Manufacturing has long been an important part of the American economy. Often, experts link the success in the manufacturing industry to how well the economy is doing. What makes it so important?

1. The path to development
Over the years, manufacturing has become the key to development for many countries. Nations that have created a high-quality manufacturing sector have done so to develop national wealth and power.

2. The foundation of global “Great Power”
The countries that are considered the “Great Powers” not only produce more goods, they build the machinery that makes the goods. They gain considerable strength by controlling the means of production.

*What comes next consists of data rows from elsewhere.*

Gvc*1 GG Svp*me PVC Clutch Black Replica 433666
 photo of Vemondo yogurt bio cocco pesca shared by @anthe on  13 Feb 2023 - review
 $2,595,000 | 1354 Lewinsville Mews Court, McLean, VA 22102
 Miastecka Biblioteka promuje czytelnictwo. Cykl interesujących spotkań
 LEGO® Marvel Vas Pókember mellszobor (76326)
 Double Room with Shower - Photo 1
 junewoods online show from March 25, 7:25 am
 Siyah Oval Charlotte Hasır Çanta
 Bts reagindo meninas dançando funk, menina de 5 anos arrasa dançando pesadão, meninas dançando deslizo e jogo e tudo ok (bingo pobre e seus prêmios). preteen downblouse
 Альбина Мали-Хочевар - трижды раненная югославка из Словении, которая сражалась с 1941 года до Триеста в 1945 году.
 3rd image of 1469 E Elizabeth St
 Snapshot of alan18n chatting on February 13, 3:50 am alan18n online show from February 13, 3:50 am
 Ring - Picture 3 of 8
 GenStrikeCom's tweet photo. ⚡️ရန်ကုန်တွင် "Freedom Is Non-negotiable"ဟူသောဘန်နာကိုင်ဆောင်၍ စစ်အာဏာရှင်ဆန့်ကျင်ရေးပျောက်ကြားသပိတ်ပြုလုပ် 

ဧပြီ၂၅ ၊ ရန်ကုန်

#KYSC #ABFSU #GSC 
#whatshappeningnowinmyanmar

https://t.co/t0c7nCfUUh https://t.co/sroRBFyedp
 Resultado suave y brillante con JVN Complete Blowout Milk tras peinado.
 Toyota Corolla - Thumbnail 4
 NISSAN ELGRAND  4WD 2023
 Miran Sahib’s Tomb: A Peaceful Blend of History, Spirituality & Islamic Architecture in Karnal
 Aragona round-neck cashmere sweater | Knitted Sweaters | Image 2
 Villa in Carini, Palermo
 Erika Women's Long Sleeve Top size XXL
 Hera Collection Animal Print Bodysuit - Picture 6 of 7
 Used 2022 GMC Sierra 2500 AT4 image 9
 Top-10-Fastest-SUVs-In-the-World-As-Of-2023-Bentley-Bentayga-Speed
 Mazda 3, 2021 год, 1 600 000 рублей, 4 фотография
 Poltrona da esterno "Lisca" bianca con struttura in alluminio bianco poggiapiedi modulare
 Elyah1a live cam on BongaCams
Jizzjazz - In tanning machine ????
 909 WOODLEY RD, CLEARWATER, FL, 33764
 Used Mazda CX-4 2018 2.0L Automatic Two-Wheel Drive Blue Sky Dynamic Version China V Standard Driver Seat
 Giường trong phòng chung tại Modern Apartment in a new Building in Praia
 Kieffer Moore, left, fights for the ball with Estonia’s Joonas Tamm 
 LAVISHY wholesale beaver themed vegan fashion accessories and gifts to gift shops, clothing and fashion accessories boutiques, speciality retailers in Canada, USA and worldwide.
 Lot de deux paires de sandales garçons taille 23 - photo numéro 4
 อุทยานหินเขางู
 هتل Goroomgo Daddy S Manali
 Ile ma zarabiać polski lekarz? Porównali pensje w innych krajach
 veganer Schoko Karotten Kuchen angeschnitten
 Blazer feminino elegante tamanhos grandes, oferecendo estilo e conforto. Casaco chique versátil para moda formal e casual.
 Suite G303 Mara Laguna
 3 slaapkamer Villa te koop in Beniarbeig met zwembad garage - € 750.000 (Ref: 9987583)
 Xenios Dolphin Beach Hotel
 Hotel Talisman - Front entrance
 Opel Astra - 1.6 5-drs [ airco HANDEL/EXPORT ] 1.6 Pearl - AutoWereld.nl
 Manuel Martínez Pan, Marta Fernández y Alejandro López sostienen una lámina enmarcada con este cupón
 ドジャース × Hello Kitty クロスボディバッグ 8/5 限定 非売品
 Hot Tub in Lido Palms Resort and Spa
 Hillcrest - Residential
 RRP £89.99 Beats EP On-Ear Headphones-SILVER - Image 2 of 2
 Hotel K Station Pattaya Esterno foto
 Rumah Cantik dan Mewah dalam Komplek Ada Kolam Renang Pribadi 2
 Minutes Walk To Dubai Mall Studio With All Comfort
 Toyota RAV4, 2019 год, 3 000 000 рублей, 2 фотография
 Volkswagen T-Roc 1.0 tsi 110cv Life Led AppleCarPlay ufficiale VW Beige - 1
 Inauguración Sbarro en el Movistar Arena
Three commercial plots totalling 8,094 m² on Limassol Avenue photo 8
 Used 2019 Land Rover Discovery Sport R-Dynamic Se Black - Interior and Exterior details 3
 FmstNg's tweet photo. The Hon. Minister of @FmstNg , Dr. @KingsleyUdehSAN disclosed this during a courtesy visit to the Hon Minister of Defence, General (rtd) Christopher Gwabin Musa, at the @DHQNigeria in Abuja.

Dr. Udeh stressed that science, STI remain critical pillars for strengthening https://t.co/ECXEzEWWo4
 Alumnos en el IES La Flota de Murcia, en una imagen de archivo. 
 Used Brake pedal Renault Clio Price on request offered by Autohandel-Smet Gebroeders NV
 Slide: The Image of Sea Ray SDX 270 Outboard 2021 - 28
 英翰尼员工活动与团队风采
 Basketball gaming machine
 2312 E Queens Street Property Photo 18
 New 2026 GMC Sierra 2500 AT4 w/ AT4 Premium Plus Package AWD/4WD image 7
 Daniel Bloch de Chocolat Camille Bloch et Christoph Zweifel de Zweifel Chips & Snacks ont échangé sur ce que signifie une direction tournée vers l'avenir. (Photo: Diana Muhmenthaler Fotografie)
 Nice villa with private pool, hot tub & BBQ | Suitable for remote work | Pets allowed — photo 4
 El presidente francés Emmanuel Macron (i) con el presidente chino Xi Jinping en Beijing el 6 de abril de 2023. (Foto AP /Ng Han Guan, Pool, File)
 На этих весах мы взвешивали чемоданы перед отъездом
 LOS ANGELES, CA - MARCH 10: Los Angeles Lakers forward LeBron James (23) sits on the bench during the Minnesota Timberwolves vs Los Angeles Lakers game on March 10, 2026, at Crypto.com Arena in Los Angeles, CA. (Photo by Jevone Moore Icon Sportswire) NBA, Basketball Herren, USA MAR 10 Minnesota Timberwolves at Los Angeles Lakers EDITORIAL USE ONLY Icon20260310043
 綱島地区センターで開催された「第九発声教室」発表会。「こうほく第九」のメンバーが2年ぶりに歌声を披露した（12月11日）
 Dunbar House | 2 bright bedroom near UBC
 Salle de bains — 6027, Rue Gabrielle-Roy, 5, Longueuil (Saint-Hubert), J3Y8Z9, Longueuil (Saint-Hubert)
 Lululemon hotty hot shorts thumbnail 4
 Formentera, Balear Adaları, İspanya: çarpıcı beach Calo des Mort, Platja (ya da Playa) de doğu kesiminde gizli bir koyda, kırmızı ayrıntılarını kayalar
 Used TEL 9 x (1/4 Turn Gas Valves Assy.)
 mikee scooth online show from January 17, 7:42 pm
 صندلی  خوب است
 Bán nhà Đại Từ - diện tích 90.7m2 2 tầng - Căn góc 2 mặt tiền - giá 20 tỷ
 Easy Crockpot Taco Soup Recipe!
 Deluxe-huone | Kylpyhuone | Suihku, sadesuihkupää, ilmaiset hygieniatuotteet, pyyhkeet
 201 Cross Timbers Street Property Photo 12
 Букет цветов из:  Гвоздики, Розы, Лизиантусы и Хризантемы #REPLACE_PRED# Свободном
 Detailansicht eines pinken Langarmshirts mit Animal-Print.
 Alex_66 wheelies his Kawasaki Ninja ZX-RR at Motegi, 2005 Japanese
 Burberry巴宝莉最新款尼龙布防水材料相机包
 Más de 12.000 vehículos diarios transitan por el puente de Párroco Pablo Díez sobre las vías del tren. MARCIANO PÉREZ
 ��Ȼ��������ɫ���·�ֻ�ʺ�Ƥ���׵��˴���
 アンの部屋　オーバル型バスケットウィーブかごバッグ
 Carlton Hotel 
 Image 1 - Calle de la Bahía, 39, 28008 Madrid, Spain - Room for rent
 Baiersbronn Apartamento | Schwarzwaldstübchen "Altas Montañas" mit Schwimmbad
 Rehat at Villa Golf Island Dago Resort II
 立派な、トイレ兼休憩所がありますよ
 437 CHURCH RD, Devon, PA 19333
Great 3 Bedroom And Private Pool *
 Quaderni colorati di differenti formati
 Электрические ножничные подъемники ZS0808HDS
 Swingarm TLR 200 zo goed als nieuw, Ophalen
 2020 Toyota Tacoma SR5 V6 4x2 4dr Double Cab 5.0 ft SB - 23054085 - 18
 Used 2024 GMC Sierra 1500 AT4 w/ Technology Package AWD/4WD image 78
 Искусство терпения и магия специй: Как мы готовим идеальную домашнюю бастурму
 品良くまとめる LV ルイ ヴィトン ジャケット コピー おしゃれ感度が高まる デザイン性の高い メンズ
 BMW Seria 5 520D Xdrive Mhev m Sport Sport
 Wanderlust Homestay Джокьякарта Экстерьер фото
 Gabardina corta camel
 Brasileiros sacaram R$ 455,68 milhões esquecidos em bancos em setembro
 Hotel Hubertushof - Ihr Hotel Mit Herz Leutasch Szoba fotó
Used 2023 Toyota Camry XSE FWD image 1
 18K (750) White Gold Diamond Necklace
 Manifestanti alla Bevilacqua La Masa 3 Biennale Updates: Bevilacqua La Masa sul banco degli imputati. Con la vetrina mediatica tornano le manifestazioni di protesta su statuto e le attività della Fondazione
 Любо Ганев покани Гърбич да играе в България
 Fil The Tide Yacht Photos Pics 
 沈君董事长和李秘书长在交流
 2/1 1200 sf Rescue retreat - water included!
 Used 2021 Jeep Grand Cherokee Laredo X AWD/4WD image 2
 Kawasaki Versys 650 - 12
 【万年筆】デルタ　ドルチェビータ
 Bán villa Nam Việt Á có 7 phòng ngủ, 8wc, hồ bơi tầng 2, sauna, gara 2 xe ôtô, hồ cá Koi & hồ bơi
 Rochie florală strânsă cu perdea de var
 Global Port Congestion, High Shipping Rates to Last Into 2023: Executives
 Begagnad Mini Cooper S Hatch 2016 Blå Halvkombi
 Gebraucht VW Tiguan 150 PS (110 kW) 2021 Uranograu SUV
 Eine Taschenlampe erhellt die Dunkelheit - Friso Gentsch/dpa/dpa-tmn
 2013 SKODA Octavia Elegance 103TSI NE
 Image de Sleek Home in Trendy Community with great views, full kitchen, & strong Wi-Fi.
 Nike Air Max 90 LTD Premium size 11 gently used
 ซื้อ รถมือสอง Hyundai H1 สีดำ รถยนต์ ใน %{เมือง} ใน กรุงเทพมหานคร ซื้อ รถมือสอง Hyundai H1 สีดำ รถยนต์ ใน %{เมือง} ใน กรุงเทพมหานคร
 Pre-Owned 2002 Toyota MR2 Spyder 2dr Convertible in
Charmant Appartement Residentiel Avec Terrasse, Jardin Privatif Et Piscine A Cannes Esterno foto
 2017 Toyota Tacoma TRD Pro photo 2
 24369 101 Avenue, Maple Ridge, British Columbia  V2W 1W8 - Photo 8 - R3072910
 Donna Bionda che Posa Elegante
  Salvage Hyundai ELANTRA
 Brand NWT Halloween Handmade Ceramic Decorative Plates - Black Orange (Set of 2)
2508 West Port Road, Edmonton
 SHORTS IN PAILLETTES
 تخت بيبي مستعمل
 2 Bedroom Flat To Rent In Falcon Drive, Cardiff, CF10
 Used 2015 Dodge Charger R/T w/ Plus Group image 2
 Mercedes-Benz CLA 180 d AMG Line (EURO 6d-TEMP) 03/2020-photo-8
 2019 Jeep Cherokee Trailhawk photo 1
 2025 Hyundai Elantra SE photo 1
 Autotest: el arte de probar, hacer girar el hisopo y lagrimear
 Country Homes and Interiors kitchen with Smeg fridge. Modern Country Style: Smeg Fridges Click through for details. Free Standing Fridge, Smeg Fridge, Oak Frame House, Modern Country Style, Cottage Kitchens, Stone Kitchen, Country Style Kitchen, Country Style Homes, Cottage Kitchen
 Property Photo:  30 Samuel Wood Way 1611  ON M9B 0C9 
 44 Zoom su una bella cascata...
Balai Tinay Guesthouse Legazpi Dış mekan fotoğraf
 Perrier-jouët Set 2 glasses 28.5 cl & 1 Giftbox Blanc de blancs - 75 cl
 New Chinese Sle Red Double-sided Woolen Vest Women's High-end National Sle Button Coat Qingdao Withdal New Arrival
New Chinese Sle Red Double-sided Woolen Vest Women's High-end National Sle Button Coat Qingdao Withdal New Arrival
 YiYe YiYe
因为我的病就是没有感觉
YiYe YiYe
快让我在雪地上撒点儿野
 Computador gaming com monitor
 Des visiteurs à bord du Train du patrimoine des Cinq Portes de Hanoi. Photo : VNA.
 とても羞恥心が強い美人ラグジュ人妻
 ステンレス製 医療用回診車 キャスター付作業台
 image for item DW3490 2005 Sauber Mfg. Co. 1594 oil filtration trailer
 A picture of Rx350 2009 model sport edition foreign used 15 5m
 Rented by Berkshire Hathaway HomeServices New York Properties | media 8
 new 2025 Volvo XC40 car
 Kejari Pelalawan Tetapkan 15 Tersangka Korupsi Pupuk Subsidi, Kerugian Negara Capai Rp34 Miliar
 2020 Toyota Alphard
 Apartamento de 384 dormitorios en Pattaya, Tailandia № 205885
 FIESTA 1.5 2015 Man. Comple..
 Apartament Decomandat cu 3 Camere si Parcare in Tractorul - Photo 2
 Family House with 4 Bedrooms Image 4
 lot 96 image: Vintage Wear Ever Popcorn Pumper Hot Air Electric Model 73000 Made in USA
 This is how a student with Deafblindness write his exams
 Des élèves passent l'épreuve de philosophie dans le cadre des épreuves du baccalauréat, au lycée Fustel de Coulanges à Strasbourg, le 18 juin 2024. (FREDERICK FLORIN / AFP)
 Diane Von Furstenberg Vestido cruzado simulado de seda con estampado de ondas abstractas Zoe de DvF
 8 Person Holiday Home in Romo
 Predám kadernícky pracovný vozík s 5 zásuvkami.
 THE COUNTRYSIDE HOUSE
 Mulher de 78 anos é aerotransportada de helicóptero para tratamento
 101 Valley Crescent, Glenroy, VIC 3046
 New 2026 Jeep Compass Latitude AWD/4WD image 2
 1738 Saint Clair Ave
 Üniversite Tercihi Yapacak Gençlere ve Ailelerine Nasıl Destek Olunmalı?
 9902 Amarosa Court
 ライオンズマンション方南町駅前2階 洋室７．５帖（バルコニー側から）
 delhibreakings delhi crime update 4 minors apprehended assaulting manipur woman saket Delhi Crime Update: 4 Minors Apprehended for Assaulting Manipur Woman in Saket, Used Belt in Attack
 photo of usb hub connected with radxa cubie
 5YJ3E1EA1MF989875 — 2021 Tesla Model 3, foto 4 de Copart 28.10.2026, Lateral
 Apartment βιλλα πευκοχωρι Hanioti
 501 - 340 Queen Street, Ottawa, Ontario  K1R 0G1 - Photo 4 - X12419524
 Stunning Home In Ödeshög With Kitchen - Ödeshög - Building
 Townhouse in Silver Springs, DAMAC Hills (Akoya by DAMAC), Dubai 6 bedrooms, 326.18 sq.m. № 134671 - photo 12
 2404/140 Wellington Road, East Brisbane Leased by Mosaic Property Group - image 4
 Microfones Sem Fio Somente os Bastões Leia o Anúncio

3. The most important cause of economic growth
When technical improvements are made within the manufacturing sector, it drives economic growth. As these machines advance, so does the society and the economy. It makes sense, that when the manufacturing sector is doing well, so is the economy.

4. Global trade is based on goods
When it comes to world trade, 80 percent is merchandise trade, while only 20 percent is services. Countries in need of goods can’t trade services for most of their needs. This lowers the value of their currency and their overall economic status.

5. Services depend on manufactured goods
A majority of services include selling or using manufactured goods. Services such as real estate, are all about selling and purchasing a manufactured good. Without manufactured goods, it’s hard to have a variety of services.

6. Creates jobs
Most jobs depend on manufacturing in some way. Each manufacturing job supports, on average, three other jobs according to the Economic Policy Institute.

Thriving, powerful nations have built themselves up using manufacturing and creating the machines for the industry. That’s why manufacturing has become so important in the American economy, and continues to be a huge sector for jobs, exports and more.